Et si le développement des logiciels libres et l’ouverture des données publiques étaient vos seuls et uniques critères de vote, quelle serait votre liste idéale en Pays de la Loire ?

Nous avions relayé dans un article précédent les campagnes de Creative Commons France et Candidats.fr pour obtenir le positionnement des candidats.

Sur l’ouverture des données publiques – réponses obtenues via notre blog- et sur les logiciels libres – réponses obtenues via candidats.fr-

Suite aux résultats du premier tour des élections régionales, deux listes s’opposeront le 21 mars prochain:

http://www.auxiette2010.fr/projet/ PS et http://www.bechu-regionales.fr/ UMP

Les absentes

Bien que les notions de solidarité, d’emploi, de soutien à l’innovation et au développement local fassent partie des différents programmes, il n’est mention nulle part de l’ouverture des données ou d’un programme de soutien aux logiciels libres qui sont pourtant des leviers à fort potentiels.

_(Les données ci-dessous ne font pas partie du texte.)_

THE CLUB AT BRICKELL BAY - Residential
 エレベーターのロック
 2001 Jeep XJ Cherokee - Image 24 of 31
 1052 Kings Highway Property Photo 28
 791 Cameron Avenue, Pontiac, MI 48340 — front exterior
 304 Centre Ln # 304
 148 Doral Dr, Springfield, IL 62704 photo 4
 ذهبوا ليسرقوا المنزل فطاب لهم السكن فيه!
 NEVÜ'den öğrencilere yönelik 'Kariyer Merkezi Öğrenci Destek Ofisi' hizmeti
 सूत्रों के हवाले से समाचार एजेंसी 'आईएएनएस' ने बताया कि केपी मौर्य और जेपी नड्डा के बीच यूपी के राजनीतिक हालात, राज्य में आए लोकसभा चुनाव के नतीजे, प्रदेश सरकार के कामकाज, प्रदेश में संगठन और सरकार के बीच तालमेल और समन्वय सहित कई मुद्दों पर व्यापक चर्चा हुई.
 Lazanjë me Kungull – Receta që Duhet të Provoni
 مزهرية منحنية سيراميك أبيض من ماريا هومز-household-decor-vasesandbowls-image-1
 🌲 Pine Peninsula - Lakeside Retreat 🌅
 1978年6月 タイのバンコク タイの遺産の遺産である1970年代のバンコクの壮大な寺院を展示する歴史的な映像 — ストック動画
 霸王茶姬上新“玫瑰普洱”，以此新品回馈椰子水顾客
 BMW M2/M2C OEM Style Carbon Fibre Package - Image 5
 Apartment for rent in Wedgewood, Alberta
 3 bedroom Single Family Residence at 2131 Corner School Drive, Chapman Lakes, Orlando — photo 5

Manque de connaissance ? De compréhension ? D’informations ?

De notre coté, nous continuons les actions de communication et d’engagements en faveur du programme « Nantes, ville pilote dans l’ouverture des données publiques ».

PS: Toujours pas de nouvelles sur le positionnement de M. Jean-Marc Ayrault, Député Maire de Nantes quant à ces questions.